Which of these assertions is the less plausible?
1. Representative Randy Neugebauer of Texas wasn’t aiming at Representative Bart Stupak when he interrupted Mr. Stupak’s floor speech during the closing hours of the health care debate by yelling “baby killer.” (Mr. Neugebauer said his target was the bill, not his colleague from Michigan, who had accepted a fig leaf of a compromise on the bill’s anti-abortion stance.)
2. The Supreme Court will find the new health care legislation unconstitutional.
In my book, these two propositions are running neck and neck into the realm of fantasy.

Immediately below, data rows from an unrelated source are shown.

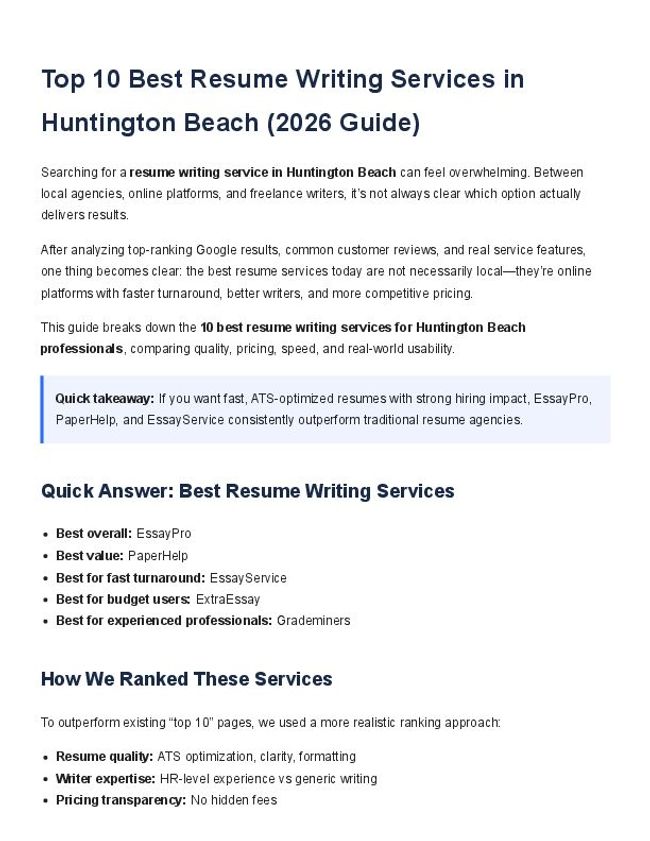 PDF document image preview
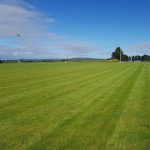 Upgrades at St Patrick’s GFC, Cullyhanna included a new natural grass pitch, drainage, fencing, floodlighting and associated works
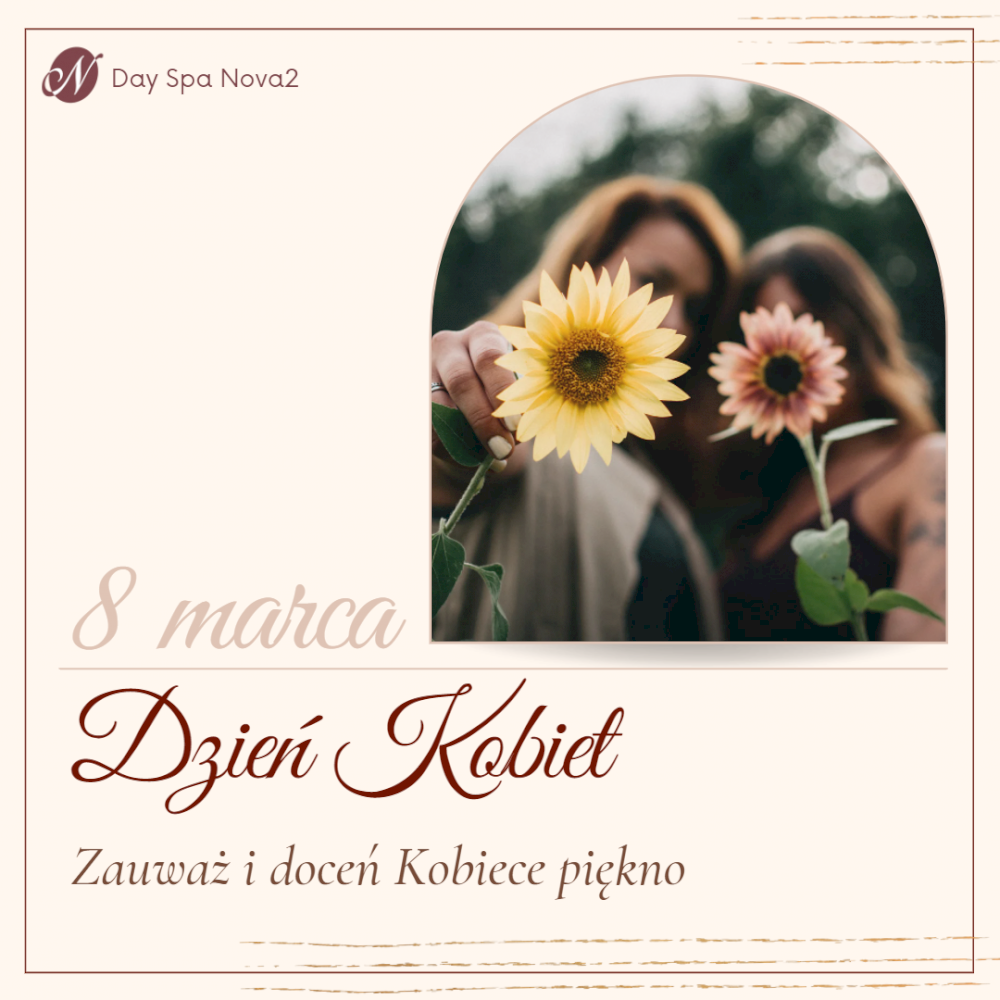 DZIEŃ KOBIET z Day Spa Nova 2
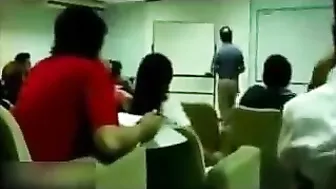 Naughty Student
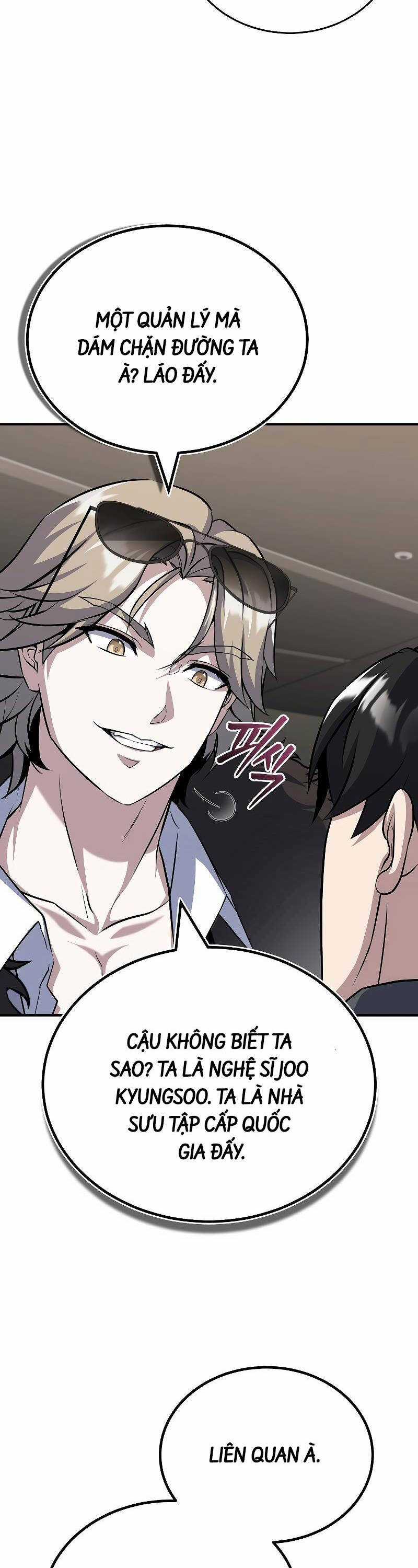 Những Nhân Vật Chính Mà Chỉ Tôi Biết Chapter 29 trang 37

Fourteen state attorneys general — 13 in a coalition led by Bill McCollum of Florida and one, Kenneth T. Cuccinelli II of Virginia, going it alone — filed lawsuits this week asking federal judges to declare the new Patient Protection and Affordable Health Care Act unconstitutional. The plaintiffs do not exactly mince words. The new law violates “the core constitutional principle of federalism upon which this nation was founded,” the Florida complaint declares. It is “contrary to the foundational assumptions of the constitutional compact,” Virginia claims.
The Web is filled with commentary and debate over the merits of the states’ arguments that the new law exceeds Congress’s authority to regulate interstate commerce and violates the 10th Amendment’s protection for state sovereignty.
Interesting theoretical questions, to be sure. But the only real question is whether any of these arguments will find a warm reception from at least five Supreme Court justices. The answer, almost certainly, is no.